Kilkanaście tysięcy turystów zwiedziło utworzony w tym roku Sandomierski Szlak Winiarski - podała Świętokrzyska Izba Rolnicza. Zdaniem właścicieli winnic rok 2012 jest dobry nie tylko dla samego wina, ale również dla rozwoju enoturystyki nad Wisłą. Enoturystyka, czyli agroturystyka winiarska, to nowość w powiecie sandomierskim, który wraca do upraw winorośli. Turyści mają do dyspozycji 60 km szlaku łączącego pięć winnic. Na 20 hektarach wzgórz uprawianych jest tam około 30 odmian winorośli.
„Szlak winiarski powstał przy Stowarzyszeniu Sandomierski Szlak Jabłkowy. Większość naszych winnic to nieduże plantacje prowadzone przez pasjonatów. Tylko dwie z nich prowadzą wyrób wina na sprzedaż. Stąd turystyczne wykorzystanie tej produkcji rolnej w naszym powiecie" - poinformowała PAP Monika Iskierka z sandomierskiego oddziału Świętokrzyskiej Izby Rolniczej.

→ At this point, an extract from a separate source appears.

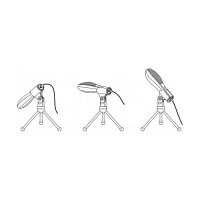 Delock USB Kondensator Mikrofon mit Tischständer - ideal für Gaming, Skypen und Gesang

Turyści mogą brać udział w degustacjach zarówno dla koneserów, jak i osób uczących się, jak próbować wina. Mogą zobaczyć, jak przycina się winorośl albo uczestniczyć w winobraniu. Tegoroczny sezon pokazał, że zainteresowanie enoturystyką jest duże - tym bardziej, że w sandomierskich winnicach wszystko wykonuje się ręcznie, tradycyjnymi metodami.
Pokazową winnicą, która ma pełnić rolę edukacyjną i turystyczną, jest najmłodsza, założona obok kościoła świętego Jakuba w Sandomierzu. Będzie owocować dopiero w przyszłym roku.
„To miejsce, w którym każdy będzie mógł dowiedzieć się, jak uprawiać winorośl. W klasztorze ojców Dominikanów świetnie zachowały się piwnice, w których w przyszłości planujemy utworzyć muzeum winiarskie. Winnice, które powstają wokół całego Sandomierza, są powrotem do naszych wielowiekowych tradycji” - poinformował PAP dr Janusz Suszyna z Towarzystwa Naukowego Sandomierskiego, które wraz z ojcami Dominikanami było inicjatorem odtworzenia winnicy.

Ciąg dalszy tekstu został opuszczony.